Praise should also have gone to Dustin Penner, who used his big frame to stun the Blues in the first minute, helping to set up the opening goal by Mike Richards and exploiting the absence of Pietrangelo. Hitchcock started Barret Jackman and Kevin Shattenkirk, and Penner easily bodied Shattenkirk aside to help create the tally.

Playing physically is not something that is normally associated with Penner, who Helene Elliott of The Los Angeles Times called "seemingly unmotivatable." But that's the kind of emotional investment of which Hitchcock spoke. The coach also lamented his team's costly turnovers, like the one by Carlo Colaiacovo that led to yet another shorthanded goal by the Kings, their fourth of the postseason.

"We're trying to force offense when its not there," Hitchcock said. "They're pressing up and we've got to make them turn...When you force offense, you try to play east-west. Against this team, they check too well."

The Blues didn't check at all.
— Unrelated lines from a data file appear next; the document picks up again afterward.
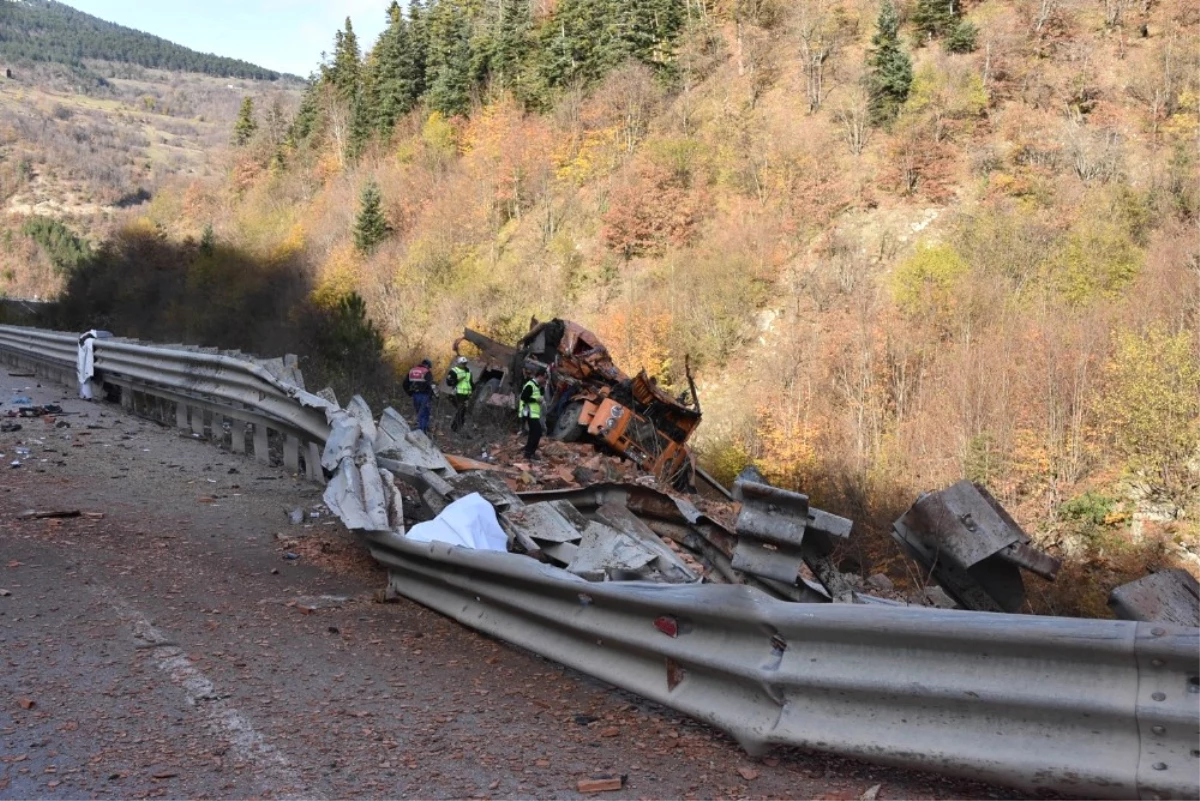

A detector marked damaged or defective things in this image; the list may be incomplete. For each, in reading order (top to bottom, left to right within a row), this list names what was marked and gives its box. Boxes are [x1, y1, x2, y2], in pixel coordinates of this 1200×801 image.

crashed orange truck [458, 318, 704, 488]
crushed vehicle cab [460, 318, 704, 488] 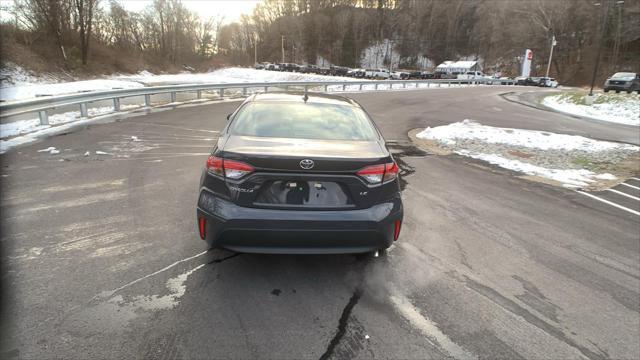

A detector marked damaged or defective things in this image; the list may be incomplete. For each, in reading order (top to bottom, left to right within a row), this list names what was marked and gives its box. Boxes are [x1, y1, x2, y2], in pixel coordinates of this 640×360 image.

crack in asphalt [318, 288, 362, 360] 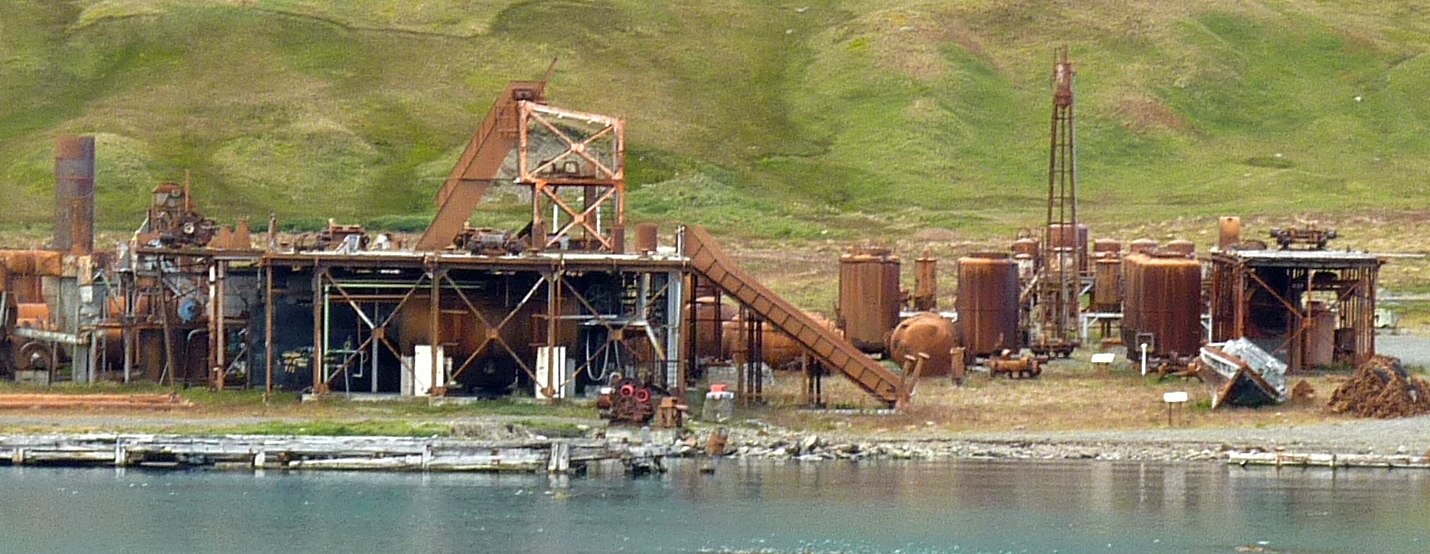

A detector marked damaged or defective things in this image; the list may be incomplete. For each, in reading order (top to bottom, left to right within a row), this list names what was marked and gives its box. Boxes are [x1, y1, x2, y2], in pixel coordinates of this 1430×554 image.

rusted industrial crane [420, 64, 632, 252]
corroded storage tank [832, 247, 900, 354]
corroded pressure vessel [832, 247, 900, 354]
corroded storage tank [888, 310, 956, 376]
corroded pressure vessel [888, 310, 956, 376]
corroded storage tank [956, 253, 1024, 356]
corroded pressure vessel [956, 253, 1024, 356]
rusted industrial crane [1032, 47, 1088, 358]
rusty metal framework [1032, 47, 1088, 358]
corroded storage tank [1088, 256, 1128, 312]
corroded pressure vessel [1128, 252, 1200, 356]
corroded storage tank [1128, 253, 1200, 358]
corroded storage tank [1216, 216, 1240, 248]
rusty metal framework [1216, 249, 1384, 370] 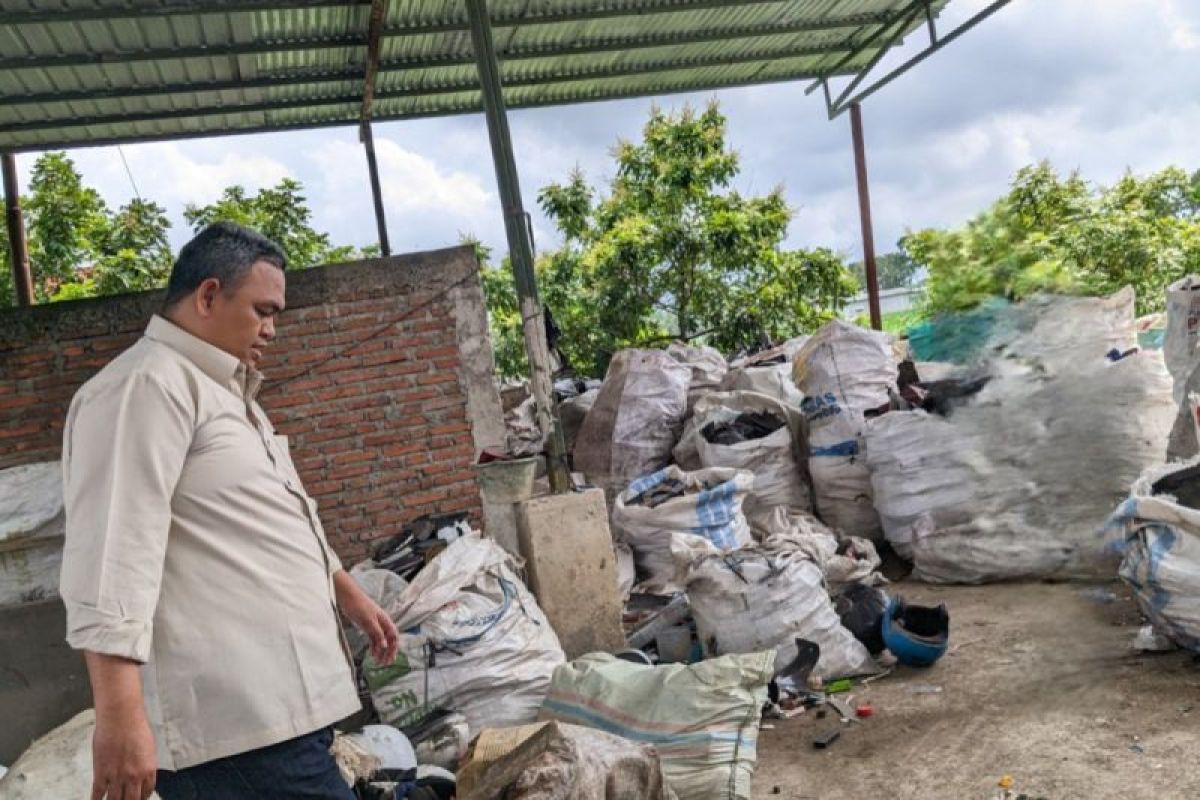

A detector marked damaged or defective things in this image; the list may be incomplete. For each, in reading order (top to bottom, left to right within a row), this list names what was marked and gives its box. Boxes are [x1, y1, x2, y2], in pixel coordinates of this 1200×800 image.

rusty metal post [1, 153, 33, 307]
rusty metal post [357, 122, 391, 256]
rusty metal post [854, 101, 883, 331] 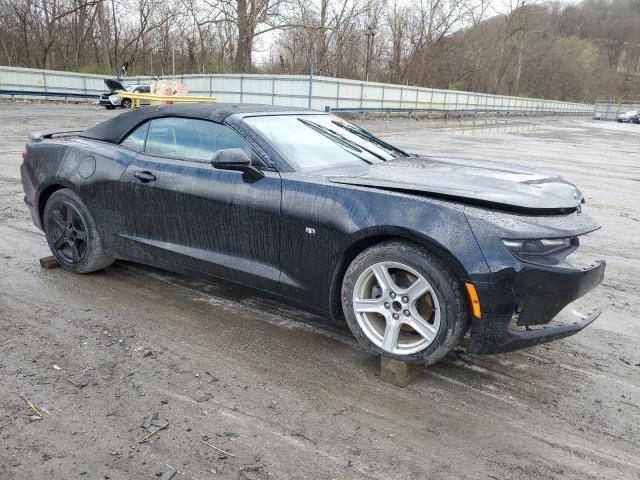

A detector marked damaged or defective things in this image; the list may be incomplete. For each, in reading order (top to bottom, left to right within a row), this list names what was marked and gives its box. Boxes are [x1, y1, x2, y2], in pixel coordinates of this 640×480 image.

By the late stages of the first period they had also seemingly stopped skating as Penner took a face-off win and broke in with Jeff Carter, who became the first beneficiary...
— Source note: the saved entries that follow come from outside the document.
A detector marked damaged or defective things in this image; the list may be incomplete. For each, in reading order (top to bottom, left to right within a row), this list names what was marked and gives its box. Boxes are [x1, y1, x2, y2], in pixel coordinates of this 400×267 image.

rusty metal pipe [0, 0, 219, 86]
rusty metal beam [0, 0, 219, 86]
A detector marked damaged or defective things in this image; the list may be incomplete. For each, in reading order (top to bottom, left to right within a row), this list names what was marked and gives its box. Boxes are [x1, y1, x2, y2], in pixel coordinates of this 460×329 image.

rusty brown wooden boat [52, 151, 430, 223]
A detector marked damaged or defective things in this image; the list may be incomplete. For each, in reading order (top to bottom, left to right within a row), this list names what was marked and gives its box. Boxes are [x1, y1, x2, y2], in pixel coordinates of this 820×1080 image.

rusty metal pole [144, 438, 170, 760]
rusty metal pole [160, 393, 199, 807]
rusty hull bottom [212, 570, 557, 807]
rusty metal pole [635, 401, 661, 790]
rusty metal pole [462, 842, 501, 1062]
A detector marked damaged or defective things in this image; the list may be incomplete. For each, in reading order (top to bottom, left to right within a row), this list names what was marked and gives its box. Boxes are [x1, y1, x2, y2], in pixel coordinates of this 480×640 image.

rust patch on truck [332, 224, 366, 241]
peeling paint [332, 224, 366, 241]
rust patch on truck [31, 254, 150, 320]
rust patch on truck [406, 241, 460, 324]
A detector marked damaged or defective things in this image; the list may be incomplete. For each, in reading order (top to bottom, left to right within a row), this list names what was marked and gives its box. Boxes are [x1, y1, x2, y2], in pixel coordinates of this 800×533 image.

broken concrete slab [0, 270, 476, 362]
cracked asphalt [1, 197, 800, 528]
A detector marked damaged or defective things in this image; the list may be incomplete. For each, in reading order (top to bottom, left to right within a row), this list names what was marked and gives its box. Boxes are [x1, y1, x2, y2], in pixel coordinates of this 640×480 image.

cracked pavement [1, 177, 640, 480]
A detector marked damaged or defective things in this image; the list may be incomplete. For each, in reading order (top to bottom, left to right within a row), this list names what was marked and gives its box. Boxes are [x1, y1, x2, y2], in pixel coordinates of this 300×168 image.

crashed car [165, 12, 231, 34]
...and Kopitar, as the period neared conclusion, again tallied while the Blues just watched.

If another team this spring has had a worse 20 minutes, I can't recall it. "It's embarrassing the way we came out in the first period," Jackman said.

If Pietrangelo does come back, the Blues can't view him as the one-man cavalry riding to their rescue. He alone won't be enough to remedy what's ailing them. Their entire defense corps looks discombobulated and they've gotten too little production from some key forwards like T.J. Oshie (0 goals, 3 assists), Alex Steen (1 goal, 2 assists) and David Perron (1 goal, 3 assists). And Brian Elliott, who couldn't come up with big saves to stop the bleeding, won't be getting relief from Jaroslav Halak, who is still sidelined with an ankle injury.
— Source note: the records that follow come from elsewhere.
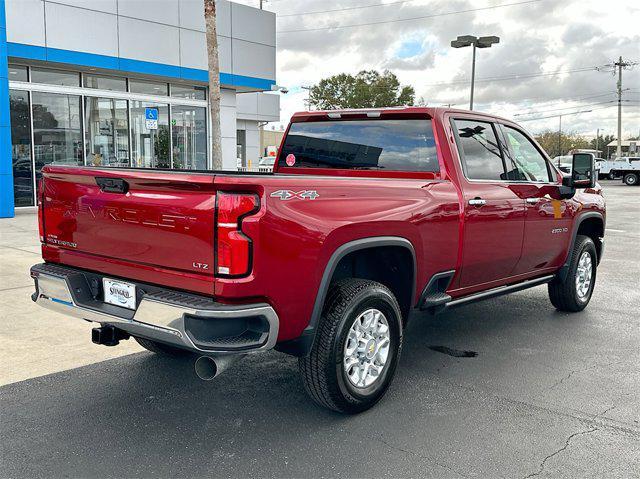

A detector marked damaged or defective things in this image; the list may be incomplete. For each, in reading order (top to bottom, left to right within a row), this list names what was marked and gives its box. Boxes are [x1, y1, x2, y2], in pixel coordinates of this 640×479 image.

pavement crack [376, 436, 470, 478]
pavement crack [524, 430, 596, 478] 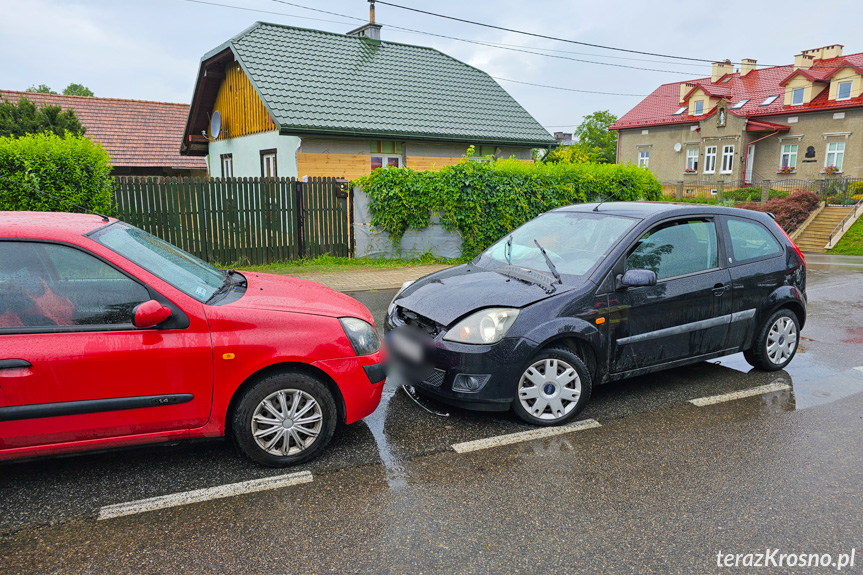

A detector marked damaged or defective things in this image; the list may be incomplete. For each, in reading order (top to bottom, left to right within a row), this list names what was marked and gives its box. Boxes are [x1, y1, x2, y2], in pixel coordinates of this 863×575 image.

crumpled hood [230, 272, 374, 322]
crumpled hood [394, 264, 576, 326] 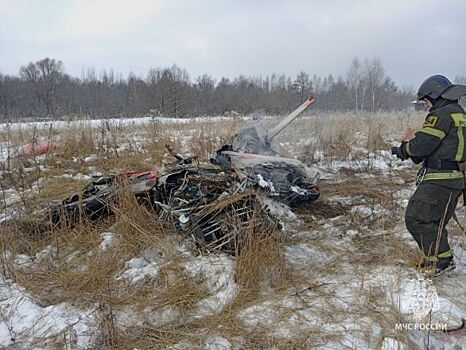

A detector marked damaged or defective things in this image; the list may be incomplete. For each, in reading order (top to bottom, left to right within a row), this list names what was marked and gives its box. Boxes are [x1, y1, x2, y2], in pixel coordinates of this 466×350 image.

burned wreckage [42, 97, 320, 253] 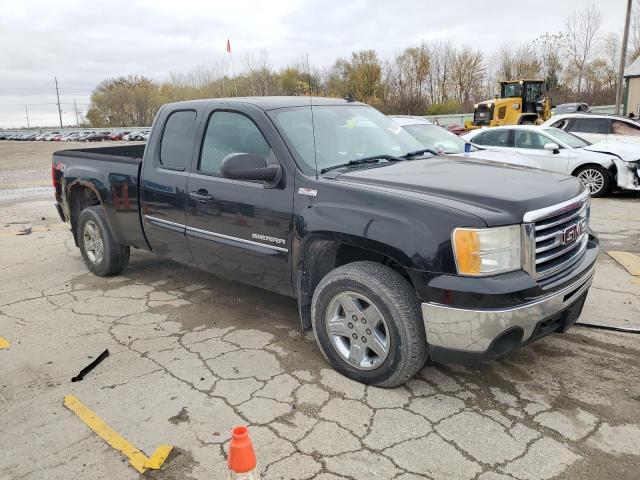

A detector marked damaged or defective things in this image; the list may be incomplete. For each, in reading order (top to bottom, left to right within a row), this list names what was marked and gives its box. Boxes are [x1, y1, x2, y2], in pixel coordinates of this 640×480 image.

cracked pavement [0, 143, 636, 480]
damaged vehicle [52, 96, 596, 386]
damaged vehicle [462, 125, 640, 199] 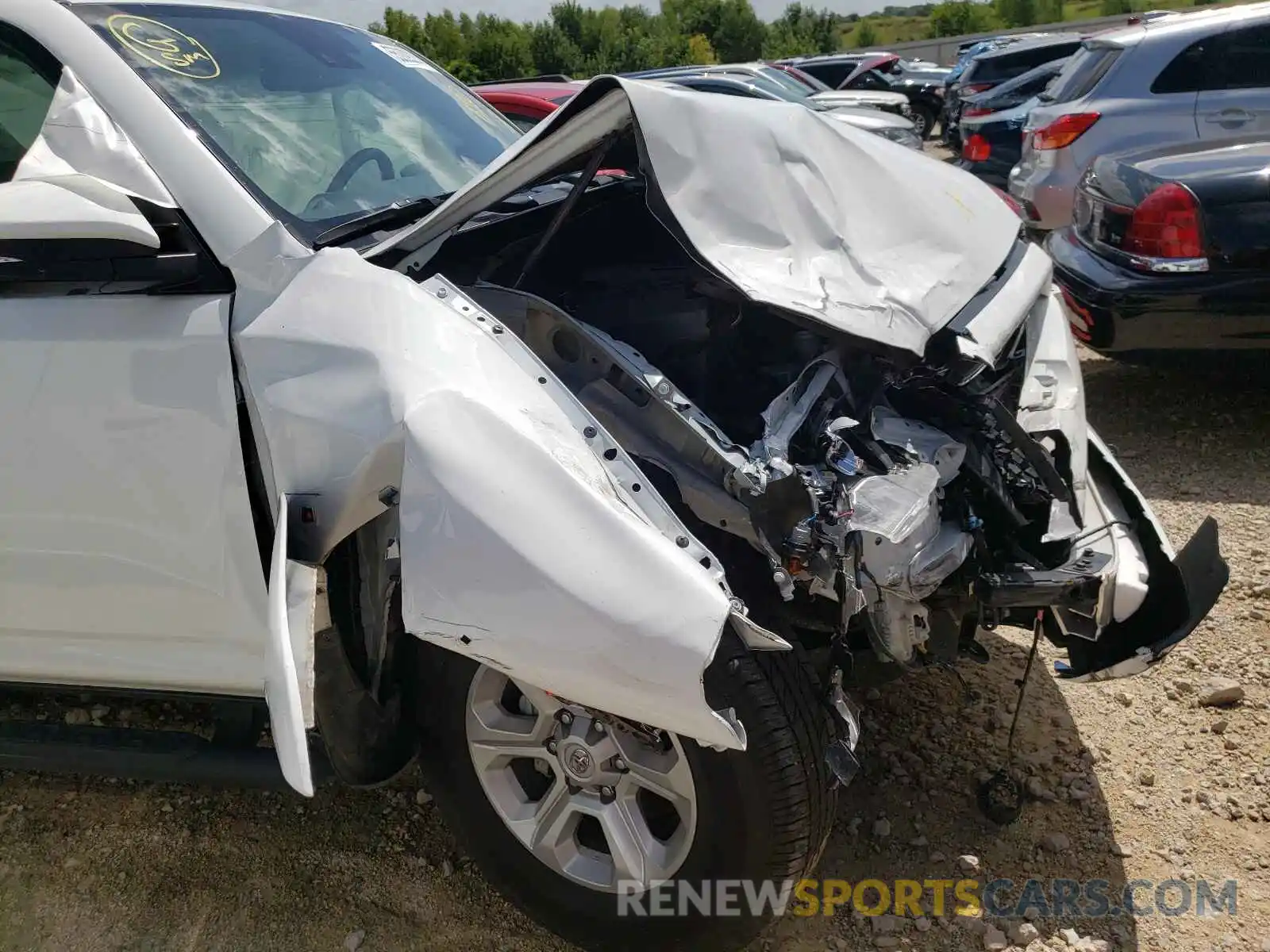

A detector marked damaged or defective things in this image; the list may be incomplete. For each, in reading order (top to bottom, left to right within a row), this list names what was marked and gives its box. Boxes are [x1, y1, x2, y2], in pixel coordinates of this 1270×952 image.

crumpled white hood [379, 75, 1022, 357]
bent fender [230, 249, 743, 755]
Meanwhile, everything is going right for the Kings, starting with goalie Jonathan Quick and radiating out from there. Brown and Richards, the two spark plugs, have fired up a team that too often this season looked disinterested when it didn't look confused. The Kings' clear physical dominance of first the Canucks and now the Blues -- the West's top two regular season teams -- has made it look as if those who called them the NHL's biggest underachievers all season were right.

So it's up to the Blues now to turn in a full effort on enemy ice or this one could be another short series for Los Angeles. Considering how well St. Louis played for most of the season, this is the first serious calamity that Hitchcock's young club has faced and it will be a big test to see if it can rediscover its confidence and focus that made it one of the NHL's best stories of 2011-12.

"We've had times in the season where we've all bought in, and we've had times when we're half in, half out," said captain David Backes, "That's where we are right now. ... Enough is enough, and we've got to determine as a group if we're going to attack this thing, or if we're going to tuck tail and run."